DATA FOR THE TASK »
┌──
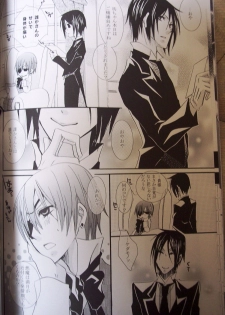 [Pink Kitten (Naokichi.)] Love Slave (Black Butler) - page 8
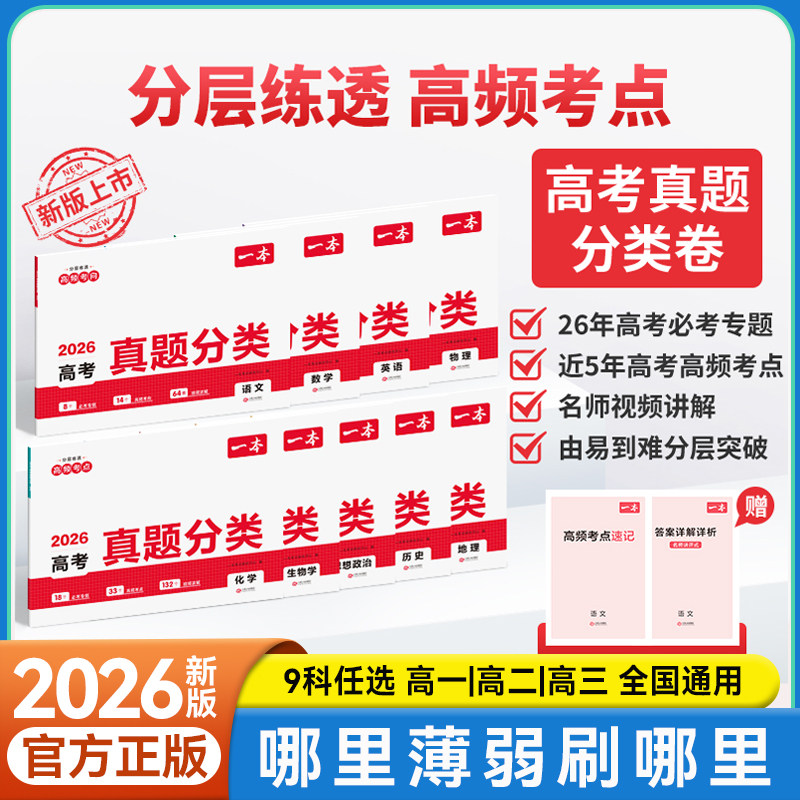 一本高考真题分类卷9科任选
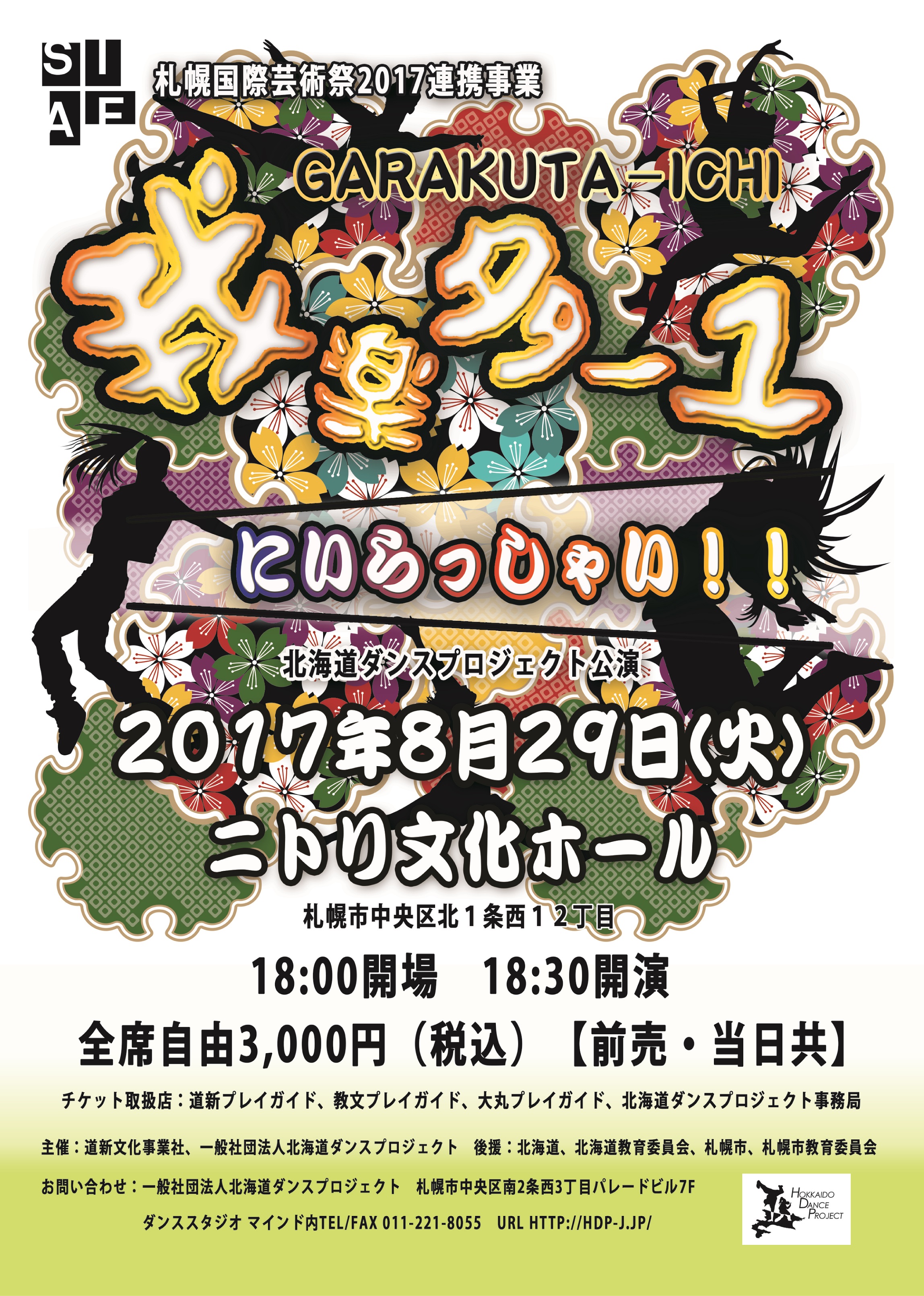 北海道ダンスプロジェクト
└──
┌──
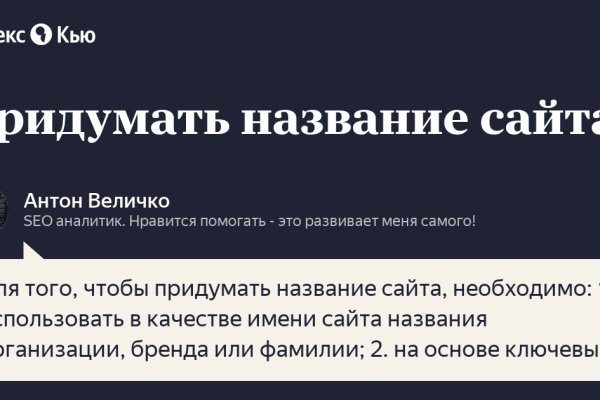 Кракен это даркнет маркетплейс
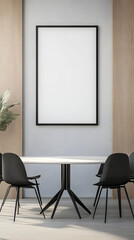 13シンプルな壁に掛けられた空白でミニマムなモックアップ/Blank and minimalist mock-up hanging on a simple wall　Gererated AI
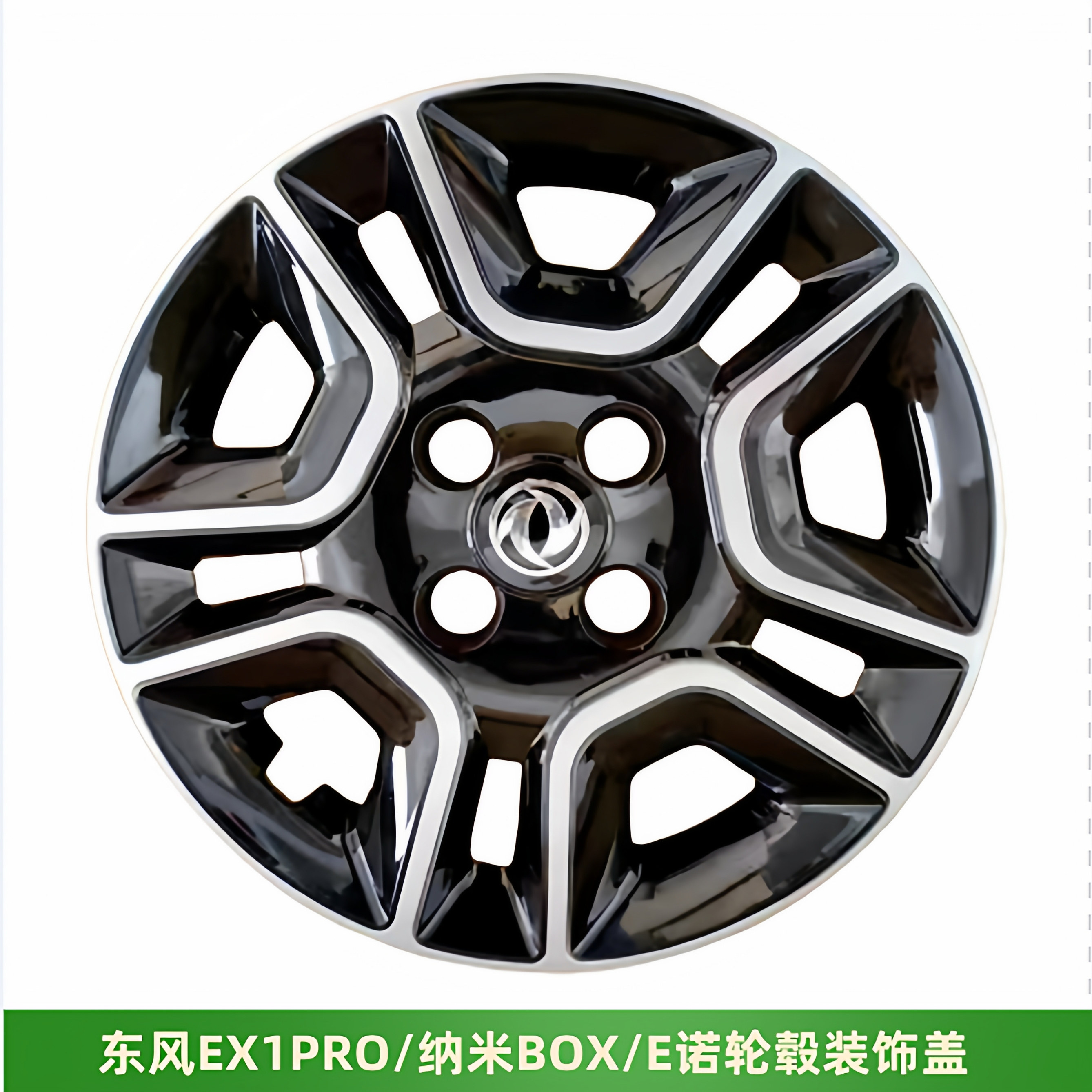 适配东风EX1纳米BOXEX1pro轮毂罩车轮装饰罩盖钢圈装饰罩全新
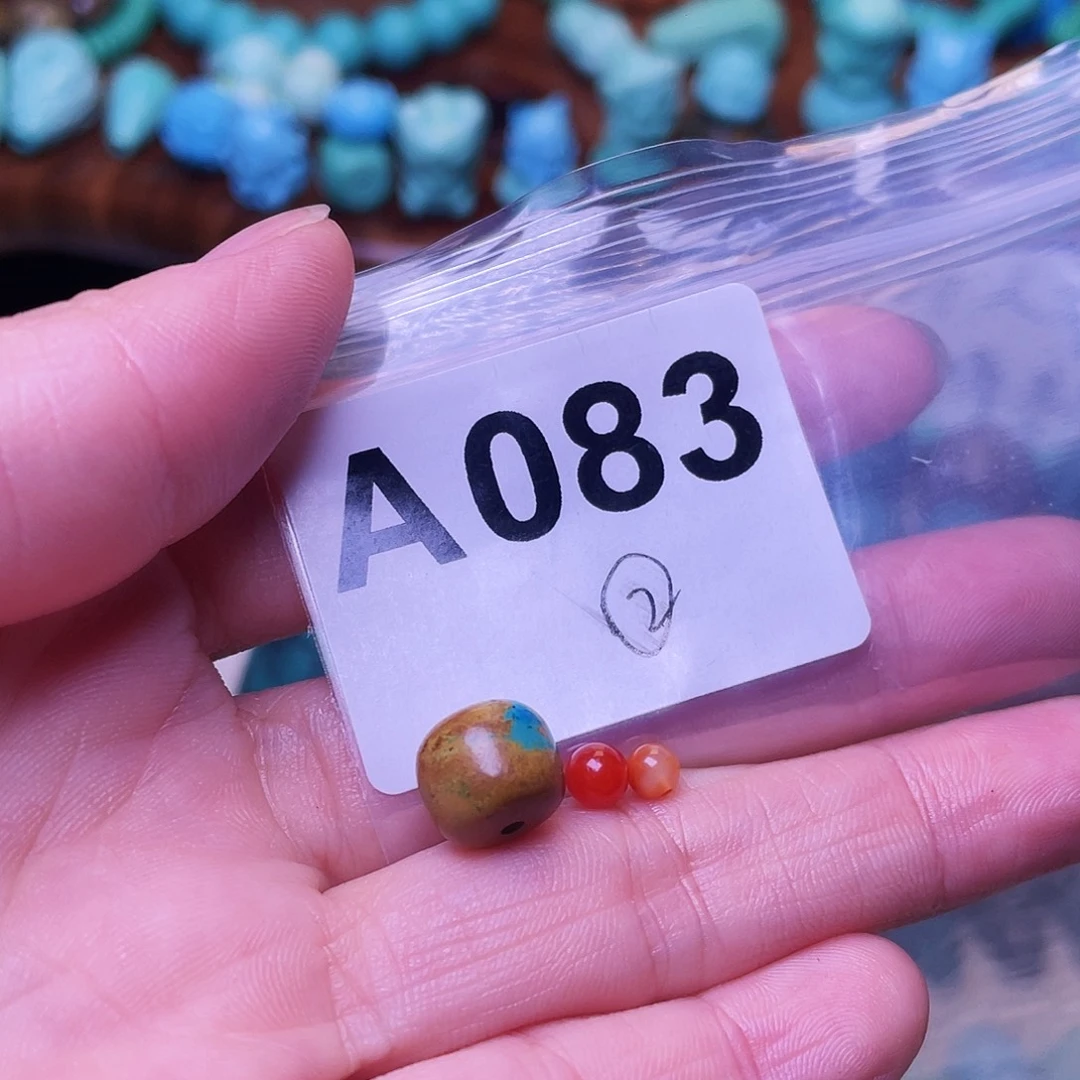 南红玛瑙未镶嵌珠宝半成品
└──
┌──
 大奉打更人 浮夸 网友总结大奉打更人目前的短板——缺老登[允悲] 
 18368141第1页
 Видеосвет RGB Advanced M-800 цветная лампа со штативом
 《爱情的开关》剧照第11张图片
└──
PROBLEM TO SOLVE » Starting at the line that contains "[Pink Kitten (Naokichi.)]" and ending at the line that contains "北海道ダンスプロジェクト", transcribe the material above exactly, excluding pictures.

REPLY »
 [Pink Kitten (Naokichi.)] Love Slave (Black Butler) - page 8
 一本高考真题分类卷9科任选
 北海道ダンスプロジェクト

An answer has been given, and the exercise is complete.